Great review.  For the money, it looks like a great "entry" level watercooling setup.

I love the quick-connect couplings... I put them in my koolance rig.  Like you point out, gotta be careful with any fluid left in them when disconnecting but for upgrades and cleaning, they are so worth it.  Slightly OT - If anyone is interested in them - look here: http://www.usplastic.com/catalog/category.asp?catalog_name=USPlastic&category_name=6917&Page=1

This is what I got:






Cons are:  A little pricey, impinge flow slightly.


----------



## OnBoard (Sep 25, 2007)

Good review and nice pics (although one more would be needed for under the radiator to show space between it and bottom)

One problem I see in there, that the radiator pushes all hot air behind the reservoir and in to the case. Wouldn't that heat the water over ambient over time?

Other problem would be, that I have 2 DVD drives, so there wouldn't be that much room under the radiator for hot air to escape. Is it designed so that it doesn't need the extra room? Sure you could put it in the lowest 2 spots (on mid tower), but then it would be pushing the hot air to HDDs and mixing with the intake air.

Did you measure how much the ambient temperature rose? Maybe less than with intel boxed cooler, after all the radiator can't be hotter than water and that can't be as hot as the CPU ?)  But nice watercoolerthingy!

Also how much extra coolant were there and how long would it last? And could the block be used as a GPU block, or is it so wide that mounting holes get covered?

If I were to go water and wouldn't have just got Ultima-90, this would be a high contender, as I have no 12cm system fan place in case, like some of these use. Good price, easy installation and with a proper fan still ok performance and quiet operation?

Question time with OnBoard


----------



## t_ski (Sep 26, 2007)

I would have to double check, but IIRC there is about a half inch or so below the rad to the bottom of the unit.  This forces air out toward the back of the unit and it does flow into the case.  The internal case temperature can rise if the hot air is not exhausted properly, however that is the case with any kind of cooling.  For the location in the case, you should do your best to install the 760i in the second or third bay from the top in your mid-tower to make sure the air bubbles will rise up to the unit and not get trapped in the block.
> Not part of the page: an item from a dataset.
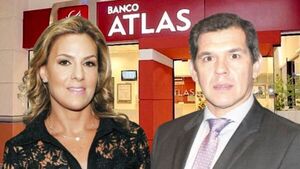 El Congreso investiga el destino de G. 900.000 millones del IPS en un fideicomiso con el banco Atlas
As for how much coolant was left, out of the 500cc bottle I had about one third of it left.  I would not recommend using the included block for a graphics card, unless you are very handy at modding and can come up with an appropriate mounting system.  The one included will work only for CPUs and not graphics cards.  However, as stated in the review, there are separate graphics card kits that can be purchased and added to the Bigwater 760i.


----------



## JC316 (Sep 26, 2007)

Nice, I may just pick one of these bad boys up. Quick question though, how were you checking the CPU temperature? Were you using TAT?


----------



## OnBoard (Sep 26, 2007)

t_ski said:


> I would have to double check, but IIRC there is about a half inch or so below the rad to the bottom of the unit.  This forces air out toward the back of the unit and it does flow into the case.  The internal case temperature can rise if the hot air is not exhausted properly, however that is the case with any kind of cooling.  For the location in the case, you should do your best to install the 760i in the second or third bay from the top in your mid-tower to make sure the air bubbles will rise up to the unit and not get trapped in the block.
> 
> As for how much coolant was left, out of the 500cc bottle I had about one third of it left.  I would not recommend using the included block for a graphics card, unless you are very handy at modding and can come up with an appropriate mounting system.  The one included will work only for CPUs and not graphics cards.  However, as stated in the review, there are separate graphics card kits that can be purchased and added to the Bigwater 760i.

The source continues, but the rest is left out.